### Directions for this task
Only an exact repetition of all the entries will be accepted.

============

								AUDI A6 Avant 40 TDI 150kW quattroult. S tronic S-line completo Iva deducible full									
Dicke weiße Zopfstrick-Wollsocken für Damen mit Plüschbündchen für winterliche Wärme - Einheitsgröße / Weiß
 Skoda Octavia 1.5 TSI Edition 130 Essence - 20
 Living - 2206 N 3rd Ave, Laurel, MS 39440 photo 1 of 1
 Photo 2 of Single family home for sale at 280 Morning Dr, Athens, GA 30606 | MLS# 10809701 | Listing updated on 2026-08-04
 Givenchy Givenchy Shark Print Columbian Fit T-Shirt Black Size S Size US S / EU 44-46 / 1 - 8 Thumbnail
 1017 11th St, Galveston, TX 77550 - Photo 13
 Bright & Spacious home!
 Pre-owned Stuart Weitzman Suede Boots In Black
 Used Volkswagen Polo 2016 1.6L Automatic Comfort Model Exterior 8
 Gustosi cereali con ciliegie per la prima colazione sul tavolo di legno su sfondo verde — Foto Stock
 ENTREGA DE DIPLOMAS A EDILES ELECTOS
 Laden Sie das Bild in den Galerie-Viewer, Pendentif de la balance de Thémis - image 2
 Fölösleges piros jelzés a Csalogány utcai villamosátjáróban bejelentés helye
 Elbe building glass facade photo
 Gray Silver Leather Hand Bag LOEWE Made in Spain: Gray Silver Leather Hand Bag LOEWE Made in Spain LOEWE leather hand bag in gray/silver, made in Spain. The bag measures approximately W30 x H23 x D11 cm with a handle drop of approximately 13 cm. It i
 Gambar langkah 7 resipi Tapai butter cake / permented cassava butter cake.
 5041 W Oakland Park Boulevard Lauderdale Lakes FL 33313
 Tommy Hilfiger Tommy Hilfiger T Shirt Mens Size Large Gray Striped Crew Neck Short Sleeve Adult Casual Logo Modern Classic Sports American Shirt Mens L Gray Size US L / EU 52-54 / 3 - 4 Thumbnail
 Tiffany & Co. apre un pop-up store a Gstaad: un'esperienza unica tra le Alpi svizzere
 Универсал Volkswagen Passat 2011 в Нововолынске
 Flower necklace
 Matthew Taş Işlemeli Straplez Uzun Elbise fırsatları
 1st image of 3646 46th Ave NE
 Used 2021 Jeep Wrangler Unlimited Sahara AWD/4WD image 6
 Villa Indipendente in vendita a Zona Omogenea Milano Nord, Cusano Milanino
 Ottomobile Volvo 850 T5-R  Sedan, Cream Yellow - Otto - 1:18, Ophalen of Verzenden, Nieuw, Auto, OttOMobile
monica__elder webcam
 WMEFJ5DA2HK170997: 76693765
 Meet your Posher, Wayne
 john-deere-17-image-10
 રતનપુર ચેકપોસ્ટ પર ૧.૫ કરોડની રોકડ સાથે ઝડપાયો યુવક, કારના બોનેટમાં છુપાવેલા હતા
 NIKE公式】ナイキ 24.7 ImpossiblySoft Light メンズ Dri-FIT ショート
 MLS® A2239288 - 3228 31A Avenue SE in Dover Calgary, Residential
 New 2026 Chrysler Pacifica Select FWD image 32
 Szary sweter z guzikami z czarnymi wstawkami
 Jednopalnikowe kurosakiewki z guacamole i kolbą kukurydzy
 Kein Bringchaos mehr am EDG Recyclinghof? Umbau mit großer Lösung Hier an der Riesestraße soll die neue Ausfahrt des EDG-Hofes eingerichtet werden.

============

### Your solution
								AUDI A6 Avant 40 TDI 150kW quattroult. S tronic S-line completo Iva deducible full									
Dicke weiße Zopfstrick-Wollsocken für Damen mit Plüschbündchen für winterliche Wärme - Einheitsgröße / Weiß
 Skoda Octavia 1.5 TSI Edition 130 Essence - 20
 Living - 2206 N 3rd Ave, Laurel, MS 39440 photo 1 of 1
 Photo 2 of Single family home for sale at 280 Morning Dr, Athens, GA 30606 | MLS# 10809701 | Listing updated on 2026-08-04
 Givenchy Givenchy Shark Print Columbian Fit T-Shirt Black Size S Size US S / EU 44-46 / 1 - 8 Thumbnail
 1017 11th St, Galveston, TX 77550 - Photo 13
 Bright & Spacious home!
 Pre-owned Stuart Weitzman Suede Boots In Black
 Used Volkswagen Polo 2016 1.6L Automatic Comfort Model Exterior 8
 Gustosi cereali con ciliegie per la prima colazione sul tavolo di legno su sfondo verde — Foto Stock
 ENTREGA DE DIPLOMAS A EDILES ELECTOS
 Laden Sie das Bild in den Galerie-Viewer, Pendentif de la balance de Thémis - image 2
 Fölösleges piros jelzés a Csalogány utcai villamosátjáróban bejelentés helye
 Elbe building glass facade photo
 Gray Silver Leather Hand Bag LOEWE Made in Spain: Gray Silver Leather Hand Bag LOEWE Made in Spain LOEWE leather hand bag in gray/silver, made in Spain. The bag measures approximately W30 x H23 x D11 cm with a handle drop of approximately 13 cm. It i
 Gambar langkah 7 resipi Tapai butter cake / permented cassava butter cake.
 5041 W Oakland Park Boulevard Lauderdale Lakes FL 33313
 Tommy Hilfiger Tommy Hilfiger T Shirt Mens Size Large Gray Striped Crew Neck Short Sleeve Adult Casual Logo Modern Classic Sports American Shirt Mens L Gray Size US L / EU 52-54 / 3 - 4 Thumbnail
 Tiffany & Co. apre un pop-up store a Gstaad: un'esperienza unica tra le Alpi svizzere
 Универсал Volkswagen Passat 2011 в Нововолынске
 Flower necklace
 Matthew Taş Işlemeli Straplez Uzun Elbise fırsatları
 1st image of 3646 46th Ave NE
 Used 2021 Jeep Wrangler Unlimited Sahara AWD/4WD image 6
 Villa Indipendente in vendita a Zona Omogenea Milano Nord, Cusano Milanino
 Ottomobile Volvo 850 T5-R  Sedan, Cream Yellow - Otto - 1:18, Ophalen of Verzenden, Nieuw, Auto, OttOMobile
monica__elder webcam
 WMEFJ5DA2HK170997: 76693765
 Meet your Posher, Wayne
 john-deere-17-image-10
 રતનપુર ચેકપોસ્ટ પર ૧.૫ કરોડની રોકડ સાથે ઝડપાયો યુવક, કારના બોનેટમાં છુપાવેલા હતા
 NIKE公式】ナイキ 24.7 ImpossiblySoft Light メンズ Dri-FIT ショート
 MLS® A2239288 - 3228 31A Avenue SE in Dover Calgary, Residential
 New 2026 Chrysler Pacifica Select FWD image 32
 Szary sweter z guzikami z czarnymi wstawkami
 Jednopalnikowe kurosakiewki z guacamole i kolbą kukurydzy
 Kein Bringchaos mehr am EDG Recyclinghof? Umbau mit großer Lösung Hier an der Riesestraße soll die neue Ausfahrt des EDG-Hofes eingerichtet werden.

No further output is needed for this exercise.